What would be the performance difference (reads/writes) between some C++ implementation of in-memory B-Tree (for example google btree) and the LMDB (without taking into consideration all the feacures of LMDB such as transactions, isolation, shared access etc.)?
This 2014 lmdb design presentation by its architect Howard Chu covers the design and tradeoffs of lmdb
.
To summarize: lmdb
is a copy-on-write, bottom-up updated, double-buffered, b-tree where the implementation always favors simplicity whenever it clashes with other considerations.
The smart design choices make it one of the highest performance and corruption-resistant B-tree implementations out there.

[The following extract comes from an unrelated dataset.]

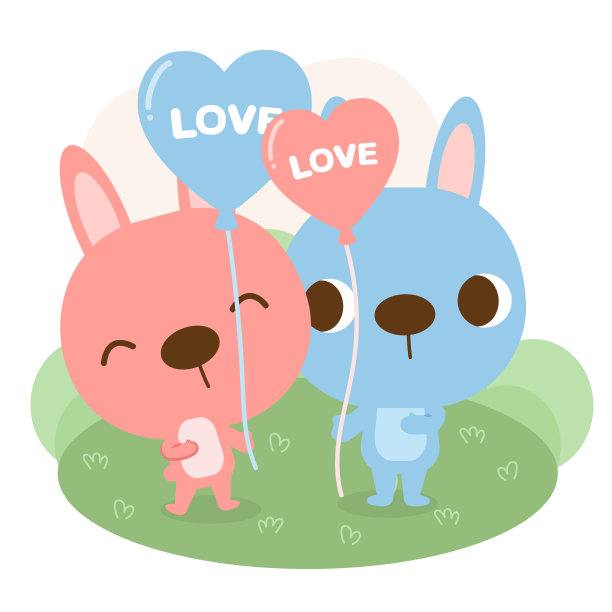 大孤立手绘卡通矢量人物设计动物情侣恋爱，涂鸦风格的情人节概念平面矢量插图图片下载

- copy-on-write means that data is never overwritten avoiding many possible corruption scenarios
- bottom-up updates from leaf to root make the root update equivalent to a commit
- double buffering of past versions keeps only the last-two roots in the db file
- complex multi-level caching schemes are avoided -
lmdb
relies on the underlying OS for caching - The whole code base is very small compared to other DBs avoiding CPU cache misses
Obviously, these choices mean that lmdb
is not friendly to complex scenarios such as:
- multi-version DB rollbacks (only last 2 are available)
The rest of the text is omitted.